● **Task description**:
Please give the data below again in full, exactly as it stands.

═══ Given entries

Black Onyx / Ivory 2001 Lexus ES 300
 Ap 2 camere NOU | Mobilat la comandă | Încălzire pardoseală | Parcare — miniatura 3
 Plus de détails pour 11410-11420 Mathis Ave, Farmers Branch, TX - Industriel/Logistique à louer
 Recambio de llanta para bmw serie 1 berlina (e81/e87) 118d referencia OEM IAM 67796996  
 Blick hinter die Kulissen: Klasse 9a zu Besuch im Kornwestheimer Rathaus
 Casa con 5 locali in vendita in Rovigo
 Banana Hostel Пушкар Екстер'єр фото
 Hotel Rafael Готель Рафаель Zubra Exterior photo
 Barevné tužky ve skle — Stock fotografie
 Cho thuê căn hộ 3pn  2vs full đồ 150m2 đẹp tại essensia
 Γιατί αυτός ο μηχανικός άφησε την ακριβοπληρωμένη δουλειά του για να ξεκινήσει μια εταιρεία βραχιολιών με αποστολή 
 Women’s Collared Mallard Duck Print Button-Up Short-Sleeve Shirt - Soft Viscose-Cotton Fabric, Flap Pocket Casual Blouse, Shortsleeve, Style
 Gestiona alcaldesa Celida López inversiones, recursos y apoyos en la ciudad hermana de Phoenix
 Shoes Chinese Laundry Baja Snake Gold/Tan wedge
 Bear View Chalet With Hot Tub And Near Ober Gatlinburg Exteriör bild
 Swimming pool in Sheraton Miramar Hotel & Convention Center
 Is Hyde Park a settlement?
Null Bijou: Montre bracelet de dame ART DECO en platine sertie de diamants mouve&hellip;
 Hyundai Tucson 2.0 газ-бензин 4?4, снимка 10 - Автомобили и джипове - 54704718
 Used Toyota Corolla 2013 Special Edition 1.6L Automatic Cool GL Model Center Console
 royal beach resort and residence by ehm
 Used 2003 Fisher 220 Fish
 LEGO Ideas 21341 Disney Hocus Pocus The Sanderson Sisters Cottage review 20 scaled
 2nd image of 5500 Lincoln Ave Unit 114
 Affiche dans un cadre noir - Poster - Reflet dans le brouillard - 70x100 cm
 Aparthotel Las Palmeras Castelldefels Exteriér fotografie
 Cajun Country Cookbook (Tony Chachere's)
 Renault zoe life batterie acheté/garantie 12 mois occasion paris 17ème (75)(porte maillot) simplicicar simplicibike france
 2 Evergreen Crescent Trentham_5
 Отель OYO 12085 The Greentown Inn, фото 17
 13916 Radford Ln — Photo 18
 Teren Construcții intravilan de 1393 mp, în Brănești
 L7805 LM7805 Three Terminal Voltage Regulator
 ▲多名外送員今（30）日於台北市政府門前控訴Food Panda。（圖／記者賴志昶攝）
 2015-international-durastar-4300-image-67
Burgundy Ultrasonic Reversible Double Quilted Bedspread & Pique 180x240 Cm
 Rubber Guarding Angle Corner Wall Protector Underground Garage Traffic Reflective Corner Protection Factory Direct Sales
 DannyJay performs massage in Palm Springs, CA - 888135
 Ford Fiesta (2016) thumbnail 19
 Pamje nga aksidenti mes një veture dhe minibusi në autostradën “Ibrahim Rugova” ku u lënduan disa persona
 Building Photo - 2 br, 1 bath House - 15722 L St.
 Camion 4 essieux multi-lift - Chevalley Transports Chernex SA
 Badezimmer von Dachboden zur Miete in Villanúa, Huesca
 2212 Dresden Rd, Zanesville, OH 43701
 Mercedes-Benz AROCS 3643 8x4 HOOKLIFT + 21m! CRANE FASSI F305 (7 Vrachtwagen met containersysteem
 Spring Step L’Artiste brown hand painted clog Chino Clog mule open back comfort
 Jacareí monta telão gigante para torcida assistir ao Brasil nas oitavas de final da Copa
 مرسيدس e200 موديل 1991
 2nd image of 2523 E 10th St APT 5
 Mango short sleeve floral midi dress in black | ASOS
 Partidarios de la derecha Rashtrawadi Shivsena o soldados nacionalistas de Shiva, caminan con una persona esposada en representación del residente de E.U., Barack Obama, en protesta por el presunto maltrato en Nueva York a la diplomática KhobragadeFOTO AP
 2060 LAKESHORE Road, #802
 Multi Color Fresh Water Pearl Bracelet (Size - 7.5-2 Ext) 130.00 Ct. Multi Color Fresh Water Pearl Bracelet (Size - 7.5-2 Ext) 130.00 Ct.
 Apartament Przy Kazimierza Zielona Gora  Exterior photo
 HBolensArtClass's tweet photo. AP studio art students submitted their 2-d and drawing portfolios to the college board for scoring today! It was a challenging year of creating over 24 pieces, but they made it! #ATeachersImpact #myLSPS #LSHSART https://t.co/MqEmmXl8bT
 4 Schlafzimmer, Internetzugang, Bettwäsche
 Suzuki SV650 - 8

══════

● **Answer section**:
Black Onyx / Ivory 2001 Lexus ES 300
 Ap 2 camere NOU | Mobilat la comandă | Încălzire pardoseală | Parcare — miniatura 3
 Plus de détails pour 11410-11420 Mathis Ave, Farmers Branch, TX - Industriel/Logistique à louer
 Recambio de llanta para bmw serie 1 berlina (e81/e87) 118d referencia OEM IAM 67796996  
 Blick hinter die Kulissen: Klasse 9a zu Besuch im Kornwestheimer Rathaus
 Casa con 5 locali in vendita in Rovigo
 Banana Hostel Пушкар Екстер'єр фото
 Hotel Rafael Готель Рафаель Zubra Exterior photo
 Barevné tužky ve skle — Stock fotografie
 Cho thuê căn hộ 3pn  2vs full đồ 150m2 đẹp tại essensia
 Γιατί αυτός ο μηχανικός άφησε την ακριβοπληρωμένη δουλειά του για να ξεκινήσει μια εταιρεία βραχιολιών με αποστολή 
 Women’s Collared Mallard Duck Print Button-Up Short-Sleeve Shirt - Soft Viscose-Cotton Fabric, Flap Pocket Casual Blouse, Shortsleeve, Style
 Gestiona alcaldesa Celida López inversiones, recursos y apoyos en la ciudad hermana de Phoenix
 Shoes Chinese Laundry Baja Snake Gold/Tan wedge
 Bear View Chalet With Hot Tub And Near Ober Gatlinburg Exteriör bild
 Swimming pool in Sheraton Miramar Hotel & Convention Center
 Is Hyde Park a settlement?
Null Bijou: Montre bracelet de dame ART DECO en platine sertie de diamants mouve&hellip;
 Hyundai Tucson 2.0 газ-бензин 4?4, снимка 10 - Автомобили и джипове - 54704718
 Used Toyota Corolla 2013 Special Edition 1.6L Automatic Cool GL Model Center Console
 royal beach resort and residence by ehm
 Used 2003 Fisher 220 Fish
 LEGO Ideas 21341 Disney Hocus Pocus The Sanderson Sisters Cottage review 20 scaled
 2nd image of 5500 Lincoln Ave Unit 114
 Affiche dans un cadre noir - Poster - Reflet dans le brouillard - 70x100 cm
 Aparthotel Las Palmeras Castelldefels Exteriér fotografie
 Cajun Country Cookbook (Tony Chachere's)
 Renault zoe life batterie acheté/garantie 12 mois occasion paris 17ème (75)(porte maillot) simplicicar simplicibike france
 2 Evergreen Crescent Trentham_5
 Отель OYO 12085 The Greentown Inn, фото 17
 13916 Radford Ln — Photo 18
 Teren Construcții intravilan de 1393 mp, în Brănești
 L7805 LM7805 Three Terminal Voltage Regulator
 ▲多名外送員今（30）日於台北市政府門前控訴Food Panda。（圖／記者賴志昶攝）
 2015-international-durastar-4300-image-67
Burgundy Ultrasonic Reversible Double Quilted Bedspread & Pique 180x240 Cm
 Rubber Guarding Angle Corner Wall Protector Underground Garage Traffic Reflective Corner Protection Factory Direct Sales
 DannyJay performs massage in Palm Springs, CA - 888135
 Ford Fiesta (2016) thumbnail 19
 Pamje nga aksidenti mes një veture dhe minibusi në autostradën “Ibrahim Rugova” ku u lënduan disa persona
 Building Photo - 2 br, 1 bath House - 15722 L St.
 Camion 4 essieux multi-lift - Chevalley Transports Chernex SA
 Badezimmer von Dachboden zur Miete in Villanúa, Huesca
 2212 Dresden Rd, Zanesville, OH 43701
 Mercedes-Benz AROCS 3643 8x4 HOOKLIFT + 21m! CRANE FASSI F305 (7 Vrachtwagen met containersysteem
 Spring Step L’Artiste brown hand painted clog Chino Clog mule open back comfort
 Jacareí monta telão gigante para torcida assistir ao Brasil nas oitavas de final da Copa
 مرسيدس e200 موديل 1991
 2nd image of 2523 E 10th St APT 5
 Mango short sleeve floral midi dress in black | ASOS
 Partidarios de la derecha Rashtrawadi Shivsena o soldados nacionalistas de Shiva, caminan con una persona esposada en representación del residente de E.U., Barack Obama, en protesta por el presunto maltrato en Nueva York a la diplomática KhobragadeFOTO AP
 2060 LAKESHORE Road, #802
 Multi Color Fresh Water Pearl Bracelet (Size - 7.5-2 Ext) 130.00 Ct. Multi Color Fresh Water Pearl Bracelet (Size - 7.5-2 Ext) 130.00 Ct.
 Apartament Przy Kazimierza Zielona Gora  Exterior photo
 HBolensArtClass's tweet photo. AP studio art students submitted their 2-d and drawing portfolios to the college board for scoring today! It was a challenging year of creating over 24 pieces, but they made it! #ATeachersImpact #myLSPS #LSHSART https://t.co/MqEmmXl8bT
 4 Schlafzimmer, Internetzugang, Bettwäsche
 Suzuki SV650 - 8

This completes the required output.